>>>
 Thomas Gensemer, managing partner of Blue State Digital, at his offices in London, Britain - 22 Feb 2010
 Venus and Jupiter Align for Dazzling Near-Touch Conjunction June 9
<<<
>>>
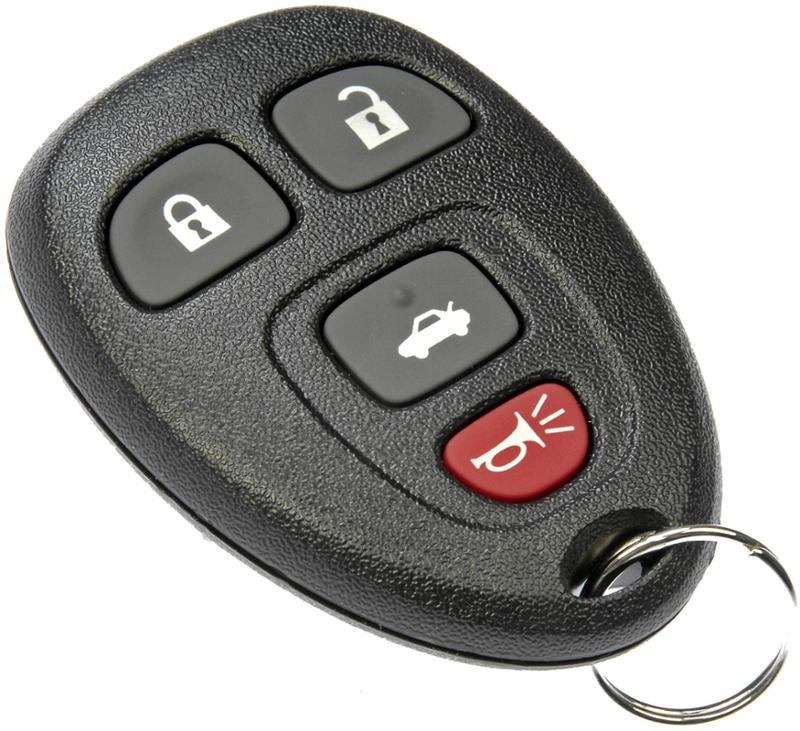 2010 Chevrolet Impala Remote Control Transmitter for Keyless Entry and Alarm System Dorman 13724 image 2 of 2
<<<
>>>
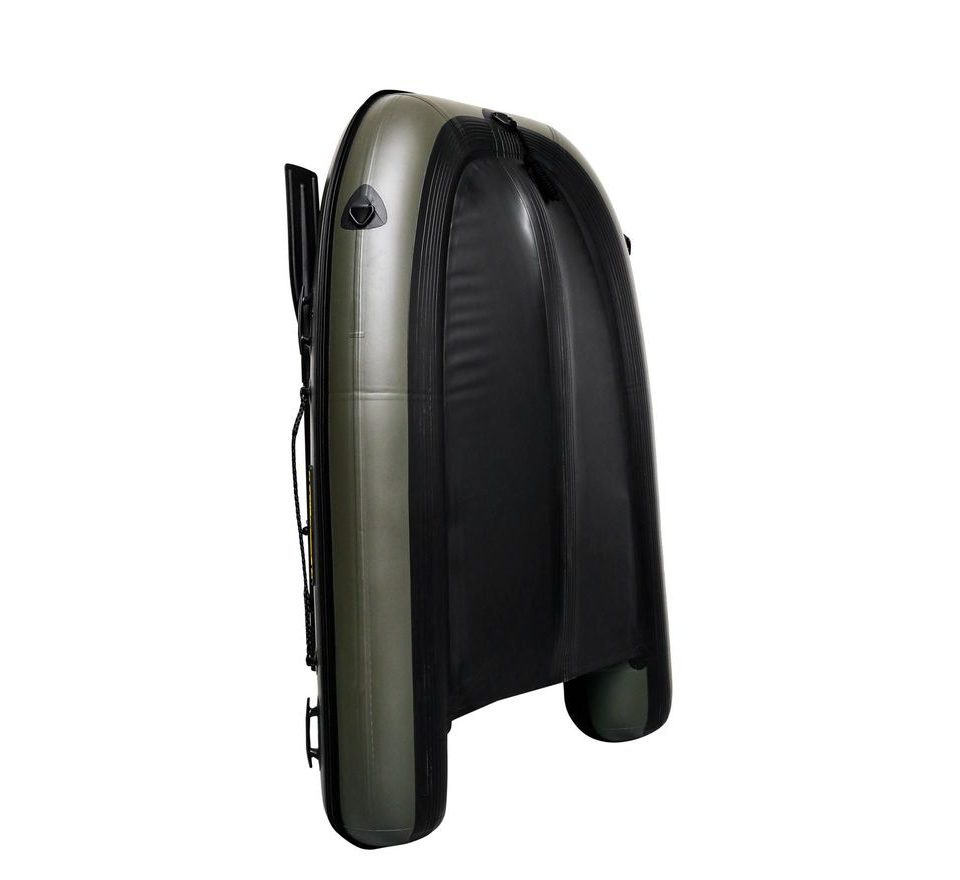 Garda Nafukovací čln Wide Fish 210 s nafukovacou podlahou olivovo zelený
<<<
» WORK TO BE COMPLETED
Set down, exactly as they stand above, the lines starting with the line with "Thomas Gensemer, managing" and going on through the line with "Venus and Jupiter", and no others.

» ANSWER SECTION
 Thomas Gensemer, managing partner of Blue State Digital, at his offices in London, Britain - 22 Feb 2010
 Venus and Jupiter Align for Dazzling Near-Touch Conjunction June 9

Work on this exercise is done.